▶ AIM OF THE TASK: Anywhere the string "High" shows up in the listing below, copy the line it is in.

────────────────

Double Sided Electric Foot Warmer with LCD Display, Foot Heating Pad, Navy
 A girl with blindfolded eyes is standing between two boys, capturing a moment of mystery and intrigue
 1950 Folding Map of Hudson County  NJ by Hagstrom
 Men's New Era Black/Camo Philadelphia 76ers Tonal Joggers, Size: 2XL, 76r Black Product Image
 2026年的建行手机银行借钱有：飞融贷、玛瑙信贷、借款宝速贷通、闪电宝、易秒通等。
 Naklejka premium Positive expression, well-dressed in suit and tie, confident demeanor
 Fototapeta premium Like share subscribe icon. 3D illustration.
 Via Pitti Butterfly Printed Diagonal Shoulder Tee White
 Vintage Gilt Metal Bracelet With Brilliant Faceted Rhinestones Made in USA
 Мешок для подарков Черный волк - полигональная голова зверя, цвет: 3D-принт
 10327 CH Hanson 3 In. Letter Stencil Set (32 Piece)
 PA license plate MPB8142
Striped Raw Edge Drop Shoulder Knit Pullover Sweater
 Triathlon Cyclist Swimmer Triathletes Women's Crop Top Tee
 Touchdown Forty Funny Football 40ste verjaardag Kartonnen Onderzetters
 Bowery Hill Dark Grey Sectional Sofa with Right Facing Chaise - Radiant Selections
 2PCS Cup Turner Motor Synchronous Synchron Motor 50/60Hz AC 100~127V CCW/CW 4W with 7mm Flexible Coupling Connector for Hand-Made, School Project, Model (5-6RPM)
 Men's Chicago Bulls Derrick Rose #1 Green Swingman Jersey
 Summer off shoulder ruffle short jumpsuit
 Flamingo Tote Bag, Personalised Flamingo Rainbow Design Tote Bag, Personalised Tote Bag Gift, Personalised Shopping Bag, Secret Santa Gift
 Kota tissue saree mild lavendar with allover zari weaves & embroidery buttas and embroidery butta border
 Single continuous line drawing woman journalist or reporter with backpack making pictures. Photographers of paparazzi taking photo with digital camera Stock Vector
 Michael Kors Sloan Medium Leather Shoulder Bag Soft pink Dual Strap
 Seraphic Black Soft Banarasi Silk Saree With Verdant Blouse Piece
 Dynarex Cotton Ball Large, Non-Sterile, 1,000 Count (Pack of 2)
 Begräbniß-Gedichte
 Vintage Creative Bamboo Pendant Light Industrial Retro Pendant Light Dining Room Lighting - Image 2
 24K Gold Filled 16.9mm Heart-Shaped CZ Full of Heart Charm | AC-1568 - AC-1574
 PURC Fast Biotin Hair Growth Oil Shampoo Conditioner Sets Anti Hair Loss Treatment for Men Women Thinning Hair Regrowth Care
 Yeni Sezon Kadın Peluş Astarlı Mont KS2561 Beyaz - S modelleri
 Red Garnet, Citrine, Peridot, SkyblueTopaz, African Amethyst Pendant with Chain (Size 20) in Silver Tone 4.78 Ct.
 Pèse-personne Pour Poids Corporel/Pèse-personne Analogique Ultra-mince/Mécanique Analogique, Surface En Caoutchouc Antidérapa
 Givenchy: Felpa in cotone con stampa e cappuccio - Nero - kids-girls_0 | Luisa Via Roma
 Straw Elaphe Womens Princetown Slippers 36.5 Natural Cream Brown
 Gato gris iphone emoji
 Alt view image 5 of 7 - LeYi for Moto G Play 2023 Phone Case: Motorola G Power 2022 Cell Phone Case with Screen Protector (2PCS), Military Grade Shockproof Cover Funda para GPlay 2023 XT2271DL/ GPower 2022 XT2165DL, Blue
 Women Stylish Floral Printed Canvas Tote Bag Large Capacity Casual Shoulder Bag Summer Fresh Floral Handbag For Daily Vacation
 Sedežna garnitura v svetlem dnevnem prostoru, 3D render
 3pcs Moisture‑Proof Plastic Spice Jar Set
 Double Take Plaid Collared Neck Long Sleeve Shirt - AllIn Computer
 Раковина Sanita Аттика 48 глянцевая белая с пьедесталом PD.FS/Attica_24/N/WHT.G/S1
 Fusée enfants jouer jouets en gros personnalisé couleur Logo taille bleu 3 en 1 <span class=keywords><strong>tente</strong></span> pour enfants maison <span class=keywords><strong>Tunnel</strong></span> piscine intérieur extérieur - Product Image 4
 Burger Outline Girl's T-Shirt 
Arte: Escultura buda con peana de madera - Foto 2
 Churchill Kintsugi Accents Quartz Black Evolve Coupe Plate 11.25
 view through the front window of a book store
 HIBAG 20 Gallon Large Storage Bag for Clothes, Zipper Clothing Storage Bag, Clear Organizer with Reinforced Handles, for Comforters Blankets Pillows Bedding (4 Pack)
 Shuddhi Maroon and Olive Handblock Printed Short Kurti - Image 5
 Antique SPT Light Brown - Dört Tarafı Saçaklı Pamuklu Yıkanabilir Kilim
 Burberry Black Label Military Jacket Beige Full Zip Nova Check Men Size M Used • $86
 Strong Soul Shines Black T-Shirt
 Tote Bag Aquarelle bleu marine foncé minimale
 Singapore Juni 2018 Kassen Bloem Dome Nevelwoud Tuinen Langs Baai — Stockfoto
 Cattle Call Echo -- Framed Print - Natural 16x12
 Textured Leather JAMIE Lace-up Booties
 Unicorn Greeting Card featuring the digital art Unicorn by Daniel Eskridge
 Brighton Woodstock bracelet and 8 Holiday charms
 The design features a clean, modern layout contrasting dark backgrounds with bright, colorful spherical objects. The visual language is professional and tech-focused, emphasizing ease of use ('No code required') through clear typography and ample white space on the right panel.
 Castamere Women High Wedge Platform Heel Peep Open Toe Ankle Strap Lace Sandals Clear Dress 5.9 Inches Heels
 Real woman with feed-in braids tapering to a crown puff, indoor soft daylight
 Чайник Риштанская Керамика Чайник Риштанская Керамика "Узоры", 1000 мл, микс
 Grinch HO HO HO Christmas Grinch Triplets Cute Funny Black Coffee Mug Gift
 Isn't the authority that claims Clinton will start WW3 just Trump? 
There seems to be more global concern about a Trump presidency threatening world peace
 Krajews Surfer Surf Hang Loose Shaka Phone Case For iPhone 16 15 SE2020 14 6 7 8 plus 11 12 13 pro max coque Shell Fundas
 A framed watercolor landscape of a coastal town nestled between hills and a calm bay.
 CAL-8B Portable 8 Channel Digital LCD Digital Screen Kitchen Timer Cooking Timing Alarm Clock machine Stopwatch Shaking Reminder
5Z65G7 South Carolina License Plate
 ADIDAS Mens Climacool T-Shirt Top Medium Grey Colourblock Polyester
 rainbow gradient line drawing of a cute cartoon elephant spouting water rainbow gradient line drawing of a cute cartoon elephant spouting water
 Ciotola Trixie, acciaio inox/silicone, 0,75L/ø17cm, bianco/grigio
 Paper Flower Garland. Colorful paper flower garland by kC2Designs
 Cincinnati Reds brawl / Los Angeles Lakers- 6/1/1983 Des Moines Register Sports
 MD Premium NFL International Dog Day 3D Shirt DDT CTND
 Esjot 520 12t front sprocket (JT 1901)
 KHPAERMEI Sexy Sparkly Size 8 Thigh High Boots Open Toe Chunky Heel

────────────────

▶ ANSWER BOX:
 Castamere Women High Wedge Platform Heel Peep Open Toe Ankle Strap Lace Sandals Clear Dress 5.9 Inches Heels
 KHPAERMEI Sexy Sparkly Size 8 Thigh High Boots Open Toe Chunky Heel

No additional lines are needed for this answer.